UK (FTSE): Quiet but slightly positive end to the week

The FTSE inched higher in very light trading, with markets largely treading water as investors awaited fresh economic data and central-bank signals. Overall, a calm end to the week after recent volatility.

Europe: Modest gains after a turbulent month

European markets drifted upward, closing the month with small gains despite an overall choppy period. Sector rotation and shifting rate-cut expectations kept trading cautious but stable.

US: Tech leads early rebound

US markets reopened after the holiday with the Nasdaq out in front, helped by renewed interest in growth and tech stocks. Investors welcomed a rebound after recent weakness, especially in high-beta names.

What This Means For Investors

  • Market sentiment is stabilising, with small gains in the UK, Europe, and early US trading suggesting investors are cautiously stepping back in after recent volatility.
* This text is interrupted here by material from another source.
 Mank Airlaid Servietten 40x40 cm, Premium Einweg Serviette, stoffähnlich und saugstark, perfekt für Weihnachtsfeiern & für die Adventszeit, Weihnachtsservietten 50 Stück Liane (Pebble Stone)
  • Low trading volumes mean markets can swing easily, so any surprise in inflation, data, or central-bank commentary could trigger outsized moves.

  • US tech’s rebound is encouraging but fragile, driven more by sentiment than fundamentals, meaning high-growth names may remain volatile in the short term.
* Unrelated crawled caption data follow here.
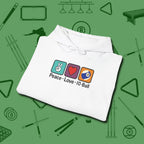 Peace Love Pool Hoodie, in White color, billiards shirt, folded view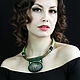 Necklace made of leather and ceramics 'Bona', Necklace, St. Petersburg,  Фото №1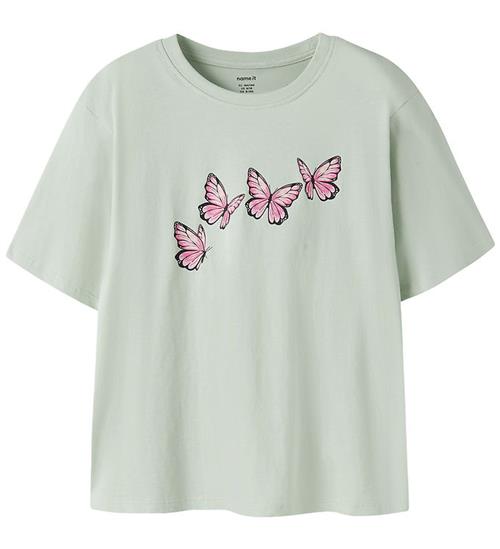 Name It T-shirt - NkfVelda - Pale Aqua/Butterflies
  • Best positioned right now are quality, cash-strong companies, as investors continue favouring firms with stable earnings while avoiding large risk-on bets until economic clarity improves.
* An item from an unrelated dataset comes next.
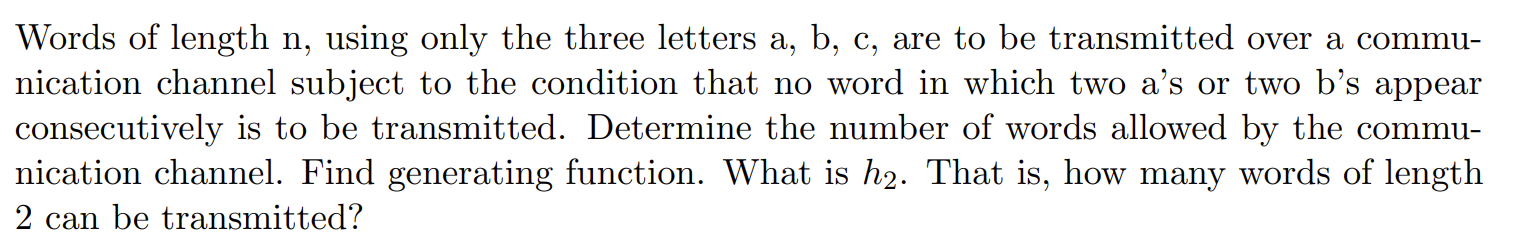 Solved Words of length n, using only the three letters | Chegg.com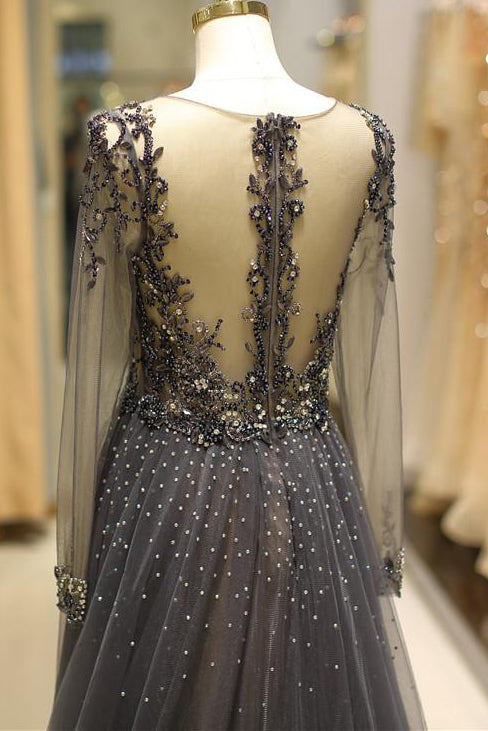 Elegant V-Neck Long Sleeve Prom Dress With Sequin Details FancyVestido Elegant V-Neck Long Sleeve Prom Dress With Sequin Details FancyVestido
What is Moving the Markets This Week

US Interest Rate Outlook: Hopes for a Federal Reserve (Fed) rate cut in December are a primary driver, fueled by recent commentary from Fed officials. This outlook is generally positive for equities. 

Key Economic Data Releases: Investors are closely watching several US economic reports, including the ISM Manufacturing PMI, the ADP Employment Survey, and the Personal Consumption Expenditure (PCE) Price Index(the Fed's preferred inflation gauge). These reports will heavily influence the rate cut speculation. 

AI and Tech Stock Momentum: The technology sector, particularly stocks related to Artificial Intelligence (AI), continues to see significant movement, although recent volatility has introduced some uncertainty after a strong rally.

Geopolitical/Oil Price Movement: Tentative developments suggesting a potential diplomatic end to the Russia-Ukraine conflict are leading to a slide in crude oil prices, on expectations of sanctions unwinding and increased global supply.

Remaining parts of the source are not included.